▸ DATA RECORDS:
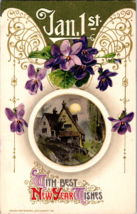 Vtg Postcard With Best New Year Wishes,Jan 1st, John Winsch, c1911  Embossed - £5.05 GBP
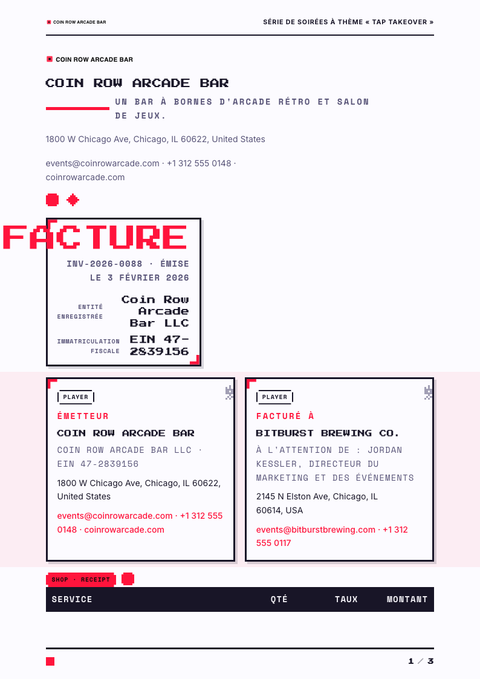 A finished invoice rendered in a jeu & pop look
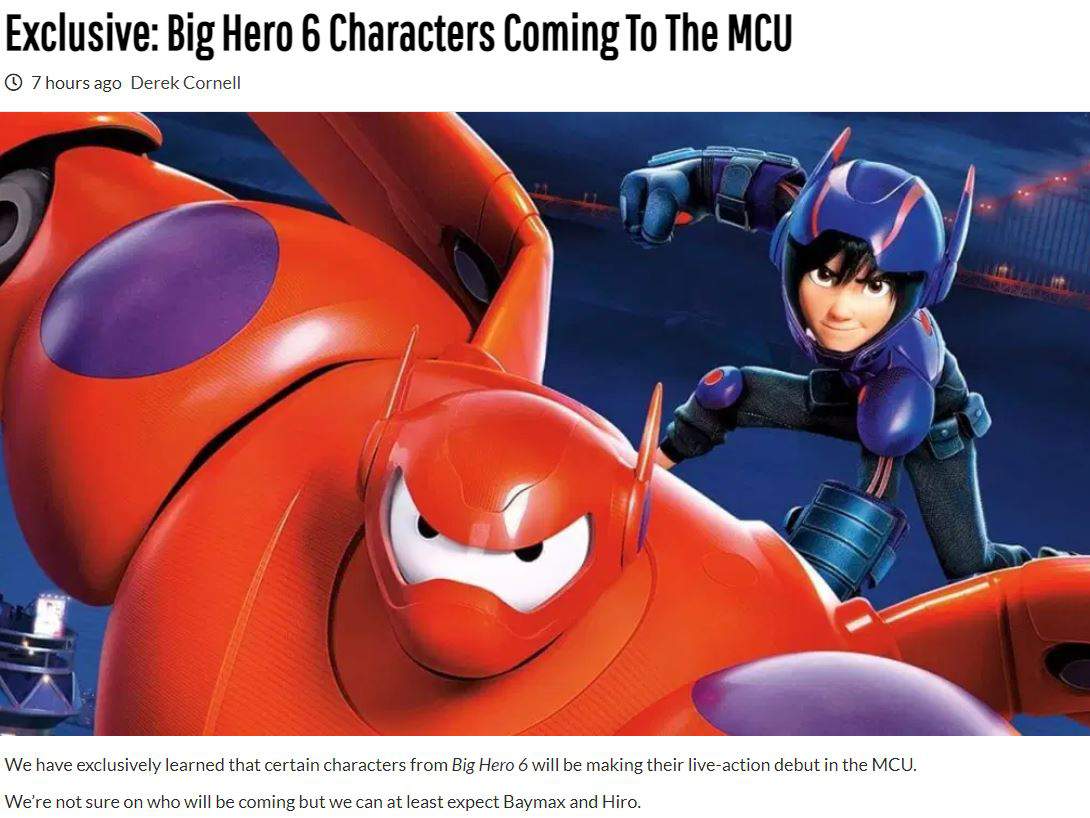 动画电影「超能陆战队」部分角色将加入漫威宇宙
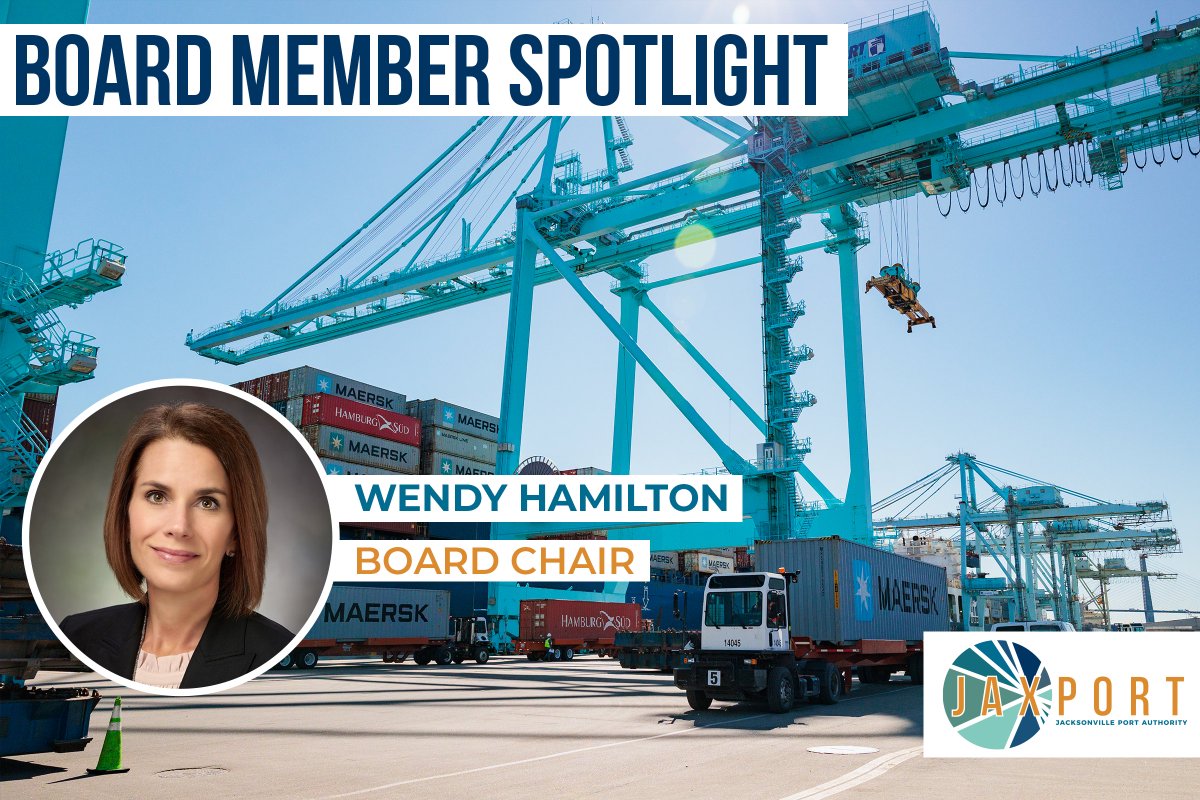 JAXPORT's tweet image. Board Member Spotlight: Chair Wendy Hamilton
A certified financial planner, Hamilton is a two-time JAXPORT Board Chair who has served on our Board since 2018.
During her tenure, Hamilton has overseen some of the most transformational moments in the port’s history, including the…
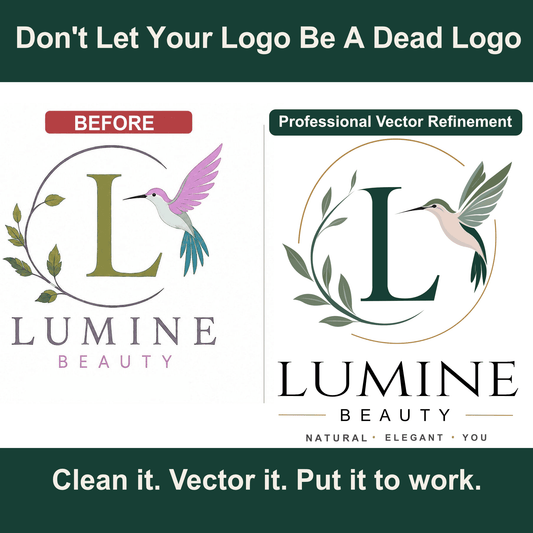 Ai & Canva Logo Refinement, Sketch to Print-Ready Vector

▸ EXERCISE AIM:
Write the records out once more, exactly as they appear, with no pictures.

▸ RESPONSE:
 Vtg Postcard With Best New Year Wishes,Jan 1st, John Winsch, c1911  Embossed - £5.05 GBP
 A finished invoice rendered in a jeu & pop look
 动画电影「超能陆战队」部分角色将加入漫威宇宙
 JAXPORT's tweet image. Board Member Spotlight: Chair Wendy Hamilton
A certified financial planner, Hamilton is a two-time JAXPORT Board Chair who has served on our Board since 2018.
During her tenure, Hamilton has overseen some of the most transformational moments in the port’s history, including the…
 Ai & Canva Logo Refinement, Sketch to Print-Ready Vector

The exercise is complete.